Düğünlerde şaşmaz, değişmez bir menü sunulurdu konuklara. Perşembe (ya da cuma) öğleden sonra “kavelte” çıkarılırdı. yanlış hatırlamıyorsam, ikindi sonrasında köyün adamları düğün evine gelir, etli patates yemeği ve “ulkum” yerlerdi.

akşam yemekleri daha az katılımla gerçekleşir, en kalabalık yemekler gündüz verilirdi. genellikle şehriye çorbası ( bazen düğün çorbası da denilen yağlı-etli bir çorba, tatarcası “kalce“), pilav-et, “koşap” ve tatlı.

tatlıyı ayrı bir paragrafta geçeceğim. iki tür tatlı ikram edilirdi: Tulumba tatlısı ya da “paklava” tulumba tatlısı Polatlı’da herhangi bir pastaneden alacağınız şerbet bulamacı olurdu. amaa, o baklava! el yapımı, kat kat incecik hamurlarla yapılmış, şerbetin içinde yüzen o caanım baklava. bizim oralardan başka hiçbiryerde rastlamadığım enerji bombardımanı. ööle fıstık-fındık gibi katkılara ihtiyaç duymadan, sadece hamur-şeker ve odun ateşinin muhteşem sonucu.

neyse, düğün anılarına devam edeceğim. bugünlük bu kadar.

düğünler-3bugün dersimiz düğünlerde müzik. “şalgılı toy” dediğimiz, genellikle Eskişehirden gelen elemanlardan oluşan “street band” ler olurdu düğünlerde. (her düğünde olmazdı ne yazık ki) düğün sahibinin ekonomik durumuna göre en az üç elemandan oluşan saz takımı sanat icra ederdi düğünlerde. klarnet “gırnata” ve darbuka olmazsa olmazıydı saz heyetinin. duruma göre keman, cümbüş ya da saz olurdu ilaveten. ( son zamanlarda elektro saz hepsini bastırıyordu)

gündüzleri düğün evinde, akşamları da konakta ya da mecliste, gecenin bir vakti de “şırak / koraz / sıpra” aktivitelerinde ortamı şenlendirirlerdi. ortada oynayanlara takılan/yapıştırılan paralar elemanların gelir hanesine kaydedilirdi genellikle.

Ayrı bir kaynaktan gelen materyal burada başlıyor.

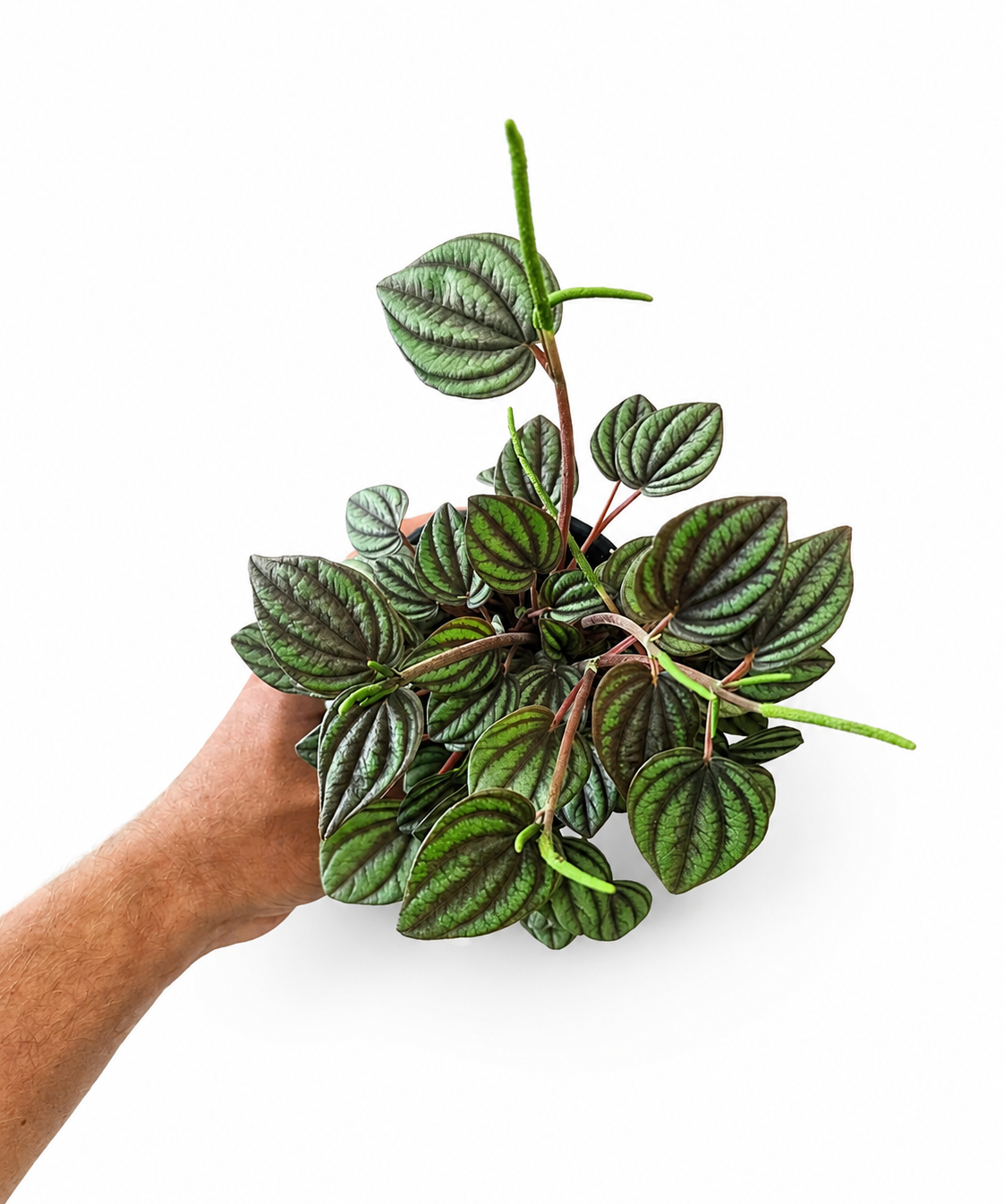Peperomia Piccolo Banda
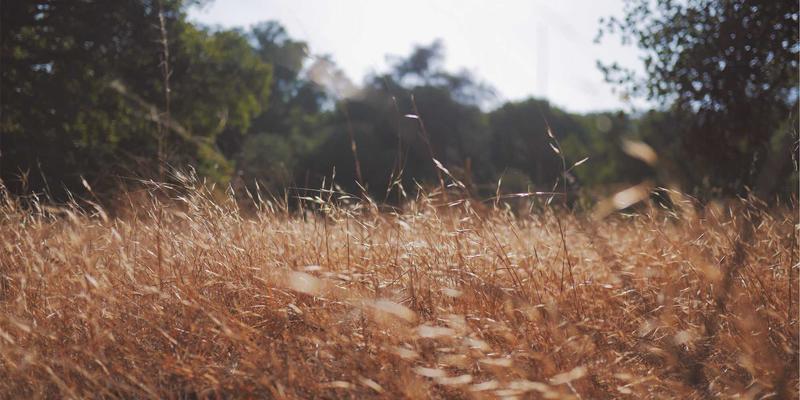 乔亚军54：在艺术设计与视觉表达的边界探索无限可能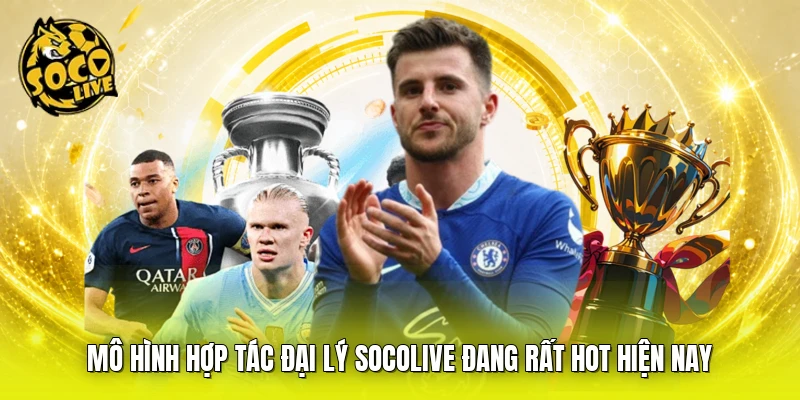 Mô hình hợp tác đại lý SOCOLIVE đang rất hot hiện nay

küçüklüğümde, yaşlı kadınların en çok istediği şarkı olarak “kırmızı gülün alı var” ve “uzayıp giden şu tren yolları” nı hatırlıyorum. tabii en çok misket, fidayda ve “mevlana” çalarlardı oyun sözkonusu olduğunda.

çalgıcıların olmadığı durumlarda kasetlerle müzik ihtiyacı giderilirdi. şimdiki gibi CD lerin olmadığı yerde ileri-geri almalardan dolayı kaset sarılması, kafanın temizlenmesi gibi “instant” çözümlerle müzik dinlenirdi. her düğünün ya da her yazın moda bir şarkısı olurdu tabii. (aynı şarkıyı iki gün içinde 50 defa dinlemek alışık olmayan bünyelerde kusma etkisi yaratırdı.)

kızlar konakta genellikle kendileri şarkılar söylerdi. kime ait olduğunu bilmediğim birkaç tane tef ve darbuka mevcuttu. Darbukalar genellikle büyük kızların elinde dolaşır, küçük kız çocukları teflerle şıngır şıngır ses çıkartmaya bayılırlardı.

o günlerden kalma şarkıları burada yazmıştım zaten. düğünleri yazmaya başlayınca herhangi bir düğünden aklımda bir şarkı kalmıştır diye çok zorladım kendimi, sadece ( ne alakaysa) dr. alban’dan “no coke no eroin” adlı felsefi şarkıyı hatırladım.

bir sonraki post düğün katılımcı profillerinin süper subjektif sınıflamasını anlatacak.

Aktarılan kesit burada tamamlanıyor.